De son côté, le Premier ministre arménien Nikol Pashinyan a "salué le vote historique du Congrès américain", jugeant que cette résolution "est un pas audacieux vers la vérité et la justice historique qui offre également un réconfort à des millions de descendants des survivants du génocide arménien", a-t-il tweeté.

Il a également fait part de son "admiration pour des générations d'Arméniens et d'Américains d'origine arménienne, dont l'activisme désintéressé et la persévérance ont été le moteur et l'inspiration derrière le vote historique d'aujourd'hui". "#Jamais plus!", a encore écrit Nikol Pashinyan.

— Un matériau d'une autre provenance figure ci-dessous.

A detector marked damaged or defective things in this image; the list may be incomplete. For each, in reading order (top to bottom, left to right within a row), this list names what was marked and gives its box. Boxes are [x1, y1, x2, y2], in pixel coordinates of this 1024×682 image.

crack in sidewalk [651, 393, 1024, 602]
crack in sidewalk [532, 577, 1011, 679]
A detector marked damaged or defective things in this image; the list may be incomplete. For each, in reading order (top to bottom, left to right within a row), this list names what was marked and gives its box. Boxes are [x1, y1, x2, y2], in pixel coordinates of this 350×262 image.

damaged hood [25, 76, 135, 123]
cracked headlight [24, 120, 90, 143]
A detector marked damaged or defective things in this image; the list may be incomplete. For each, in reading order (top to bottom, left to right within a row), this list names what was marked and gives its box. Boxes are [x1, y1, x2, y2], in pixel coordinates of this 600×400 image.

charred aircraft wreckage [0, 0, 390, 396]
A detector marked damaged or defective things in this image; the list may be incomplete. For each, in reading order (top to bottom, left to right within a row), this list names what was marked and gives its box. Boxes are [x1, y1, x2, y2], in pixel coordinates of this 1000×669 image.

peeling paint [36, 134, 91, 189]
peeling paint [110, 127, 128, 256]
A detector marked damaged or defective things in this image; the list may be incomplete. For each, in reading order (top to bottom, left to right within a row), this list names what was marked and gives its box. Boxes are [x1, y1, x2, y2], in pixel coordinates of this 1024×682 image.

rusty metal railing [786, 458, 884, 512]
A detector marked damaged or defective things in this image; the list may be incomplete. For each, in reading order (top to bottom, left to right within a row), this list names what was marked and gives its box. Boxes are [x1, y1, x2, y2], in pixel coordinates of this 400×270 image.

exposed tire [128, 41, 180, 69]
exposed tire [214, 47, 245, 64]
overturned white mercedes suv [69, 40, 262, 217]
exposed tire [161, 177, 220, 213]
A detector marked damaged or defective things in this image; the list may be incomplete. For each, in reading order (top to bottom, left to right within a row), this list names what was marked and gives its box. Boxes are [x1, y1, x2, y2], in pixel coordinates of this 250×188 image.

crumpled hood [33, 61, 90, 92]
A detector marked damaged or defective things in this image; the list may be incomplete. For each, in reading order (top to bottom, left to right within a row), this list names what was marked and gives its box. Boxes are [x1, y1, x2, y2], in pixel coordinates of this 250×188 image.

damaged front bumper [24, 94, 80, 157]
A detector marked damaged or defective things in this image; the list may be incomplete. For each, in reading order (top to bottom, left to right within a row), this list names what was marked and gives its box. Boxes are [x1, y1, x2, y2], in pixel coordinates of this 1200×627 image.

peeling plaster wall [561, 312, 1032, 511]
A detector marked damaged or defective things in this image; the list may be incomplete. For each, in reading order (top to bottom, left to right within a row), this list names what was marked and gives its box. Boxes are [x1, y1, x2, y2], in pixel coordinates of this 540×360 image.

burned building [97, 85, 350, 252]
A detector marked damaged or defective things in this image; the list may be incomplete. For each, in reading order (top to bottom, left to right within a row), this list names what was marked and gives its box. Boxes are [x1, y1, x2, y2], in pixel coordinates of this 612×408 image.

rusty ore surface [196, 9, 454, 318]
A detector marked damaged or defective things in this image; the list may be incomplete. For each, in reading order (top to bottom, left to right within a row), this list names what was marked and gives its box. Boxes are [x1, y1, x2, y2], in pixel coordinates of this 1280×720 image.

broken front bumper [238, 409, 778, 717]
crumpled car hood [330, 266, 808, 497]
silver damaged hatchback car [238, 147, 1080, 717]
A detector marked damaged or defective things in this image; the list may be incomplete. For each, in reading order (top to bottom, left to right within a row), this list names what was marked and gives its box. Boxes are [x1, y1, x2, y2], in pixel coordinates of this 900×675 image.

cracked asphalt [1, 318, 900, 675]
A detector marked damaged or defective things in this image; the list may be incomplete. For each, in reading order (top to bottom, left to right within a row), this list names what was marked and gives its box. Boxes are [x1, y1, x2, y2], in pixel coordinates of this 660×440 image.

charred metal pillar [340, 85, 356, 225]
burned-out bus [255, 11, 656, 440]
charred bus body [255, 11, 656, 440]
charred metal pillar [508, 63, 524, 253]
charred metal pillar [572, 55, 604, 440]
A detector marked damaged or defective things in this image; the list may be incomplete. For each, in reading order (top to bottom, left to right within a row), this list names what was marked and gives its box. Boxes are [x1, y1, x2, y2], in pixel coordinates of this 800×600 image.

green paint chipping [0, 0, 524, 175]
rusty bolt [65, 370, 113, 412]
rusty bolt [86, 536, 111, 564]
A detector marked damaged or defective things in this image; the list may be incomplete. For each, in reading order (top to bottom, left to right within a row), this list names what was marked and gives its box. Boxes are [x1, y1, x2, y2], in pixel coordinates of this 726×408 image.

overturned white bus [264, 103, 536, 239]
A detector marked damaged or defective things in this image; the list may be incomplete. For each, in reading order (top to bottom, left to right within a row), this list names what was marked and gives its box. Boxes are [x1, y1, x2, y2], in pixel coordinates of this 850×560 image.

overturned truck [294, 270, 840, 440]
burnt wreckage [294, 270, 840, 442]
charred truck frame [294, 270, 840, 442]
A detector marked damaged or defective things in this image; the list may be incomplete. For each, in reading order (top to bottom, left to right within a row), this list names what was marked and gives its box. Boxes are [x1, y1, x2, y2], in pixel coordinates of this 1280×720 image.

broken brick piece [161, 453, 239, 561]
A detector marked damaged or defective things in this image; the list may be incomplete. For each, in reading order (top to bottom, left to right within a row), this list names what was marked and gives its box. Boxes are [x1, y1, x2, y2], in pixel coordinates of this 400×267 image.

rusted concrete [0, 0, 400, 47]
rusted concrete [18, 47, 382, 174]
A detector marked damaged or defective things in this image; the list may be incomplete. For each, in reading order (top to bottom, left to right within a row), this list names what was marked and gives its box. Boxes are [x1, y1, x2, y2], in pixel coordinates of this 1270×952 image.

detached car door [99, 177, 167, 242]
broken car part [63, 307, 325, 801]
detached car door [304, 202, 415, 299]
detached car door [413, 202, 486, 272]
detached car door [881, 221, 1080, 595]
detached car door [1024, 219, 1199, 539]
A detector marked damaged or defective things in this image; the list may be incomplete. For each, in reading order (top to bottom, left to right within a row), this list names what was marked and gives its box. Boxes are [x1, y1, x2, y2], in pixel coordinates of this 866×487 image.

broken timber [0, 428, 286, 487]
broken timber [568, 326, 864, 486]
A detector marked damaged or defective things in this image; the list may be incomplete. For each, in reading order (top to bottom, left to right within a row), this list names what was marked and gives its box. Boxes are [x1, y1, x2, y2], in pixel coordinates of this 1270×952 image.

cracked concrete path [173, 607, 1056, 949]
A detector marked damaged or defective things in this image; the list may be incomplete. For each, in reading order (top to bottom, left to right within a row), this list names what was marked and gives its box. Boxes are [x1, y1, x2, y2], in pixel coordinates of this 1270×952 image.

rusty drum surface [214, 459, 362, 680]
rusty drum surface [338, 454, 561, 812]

Une reconnaissance politique, un siècle après les faits

Le génocide arménien est reconnu par une trentaine de pays et la communauté des historiens. Selon les estimations, entre 1,2 million et 1,5 million d'Arméniens ont été tués pendant la Première Guerre mondiale par les troupes de l'Empire ottoman, alors allié à Allemagne et à l'Autriche-Hongrie. Mais la Turquie refuse l'utilisation du terme "génocide", évoquant des massacres réciproques sur fond de guerre civile et de famine ayant fait des centaines de milliers de morts dans les deux camps.

"Trop souvent, de manière tragique, la réalité de ce crime abominable a été niée. Aujourd'hui, nous disons clairement, dans cet hémicycle, afin que ce soit gravé dans le marbre des annales du Congrès: les actes barbares commis contre le peuple arménien constituent un génocide", a lancé la présidente de la Chambre des représentants Nancy Pelosi.

En avril 2017, peu après son arrivée à la Maison Blanche, Donald Trump avait qualifié le massacre des Arméniens en 1915 d'"une des pires atrocités de masse du XXe siècle". Bien qu'il se soit gardé d'employer le terme "génocide", Ankara avait alors exprimé sa colère, dénonçant la "désinformation" et les "mauvaises définitions" du président américain.

Avant d'être élu en 2008, son prédécesseur Barack Obama s'était lui engagé à reconnaître le génocide, mais il n'avait finalement jamais employé ce terme durant ses deux mandats présidentiels.

Un vote symbolique sur fond de tensions

Ce vote intervient le jour de la fête nationale turque alors que les relations entre Washington et Ankara, alliés au sein de l'Otan, viennent de traverser une nouvelle zone de fortes turbulences. Donald Trump a laissé début octobre le champ libre à une offensive turque en Syrie, en retirant ses forces du nord du pays. Puis, face à la pression de la classe politique et l'appel à des sanctions "infernales" à la Turquie, le gouvernement américain a lui-même annoncé des mesures punitives, plus modestes, avant de les lever à la faveur d'un cessez-le-feu négocié avec Ankara.

Dans la foulée du vote sur le génocide arménien, la Chambre des représentants a aussi adopté mardi soir à la quasi-unanimité un texte prévoyant des sanctions contre des responsables turcs en lien avec l'offensive en Syrie ainsi qu'une banque turque.

Mais cette proposition de loi doit encore être approuvée par le Sénat pour devenir effective. Or, après avoir été vent debout contre les décisions de Donald Trump, les sénateurs républicains, qui contrôlent la chambre haute du Congrès, ont mis leurs critiques en sourdine dans la foulée du cessez-le-feu et de l'annonce de la mort, dans un raid américain, du chef de Daech Abou Bakr al-Baghdadi.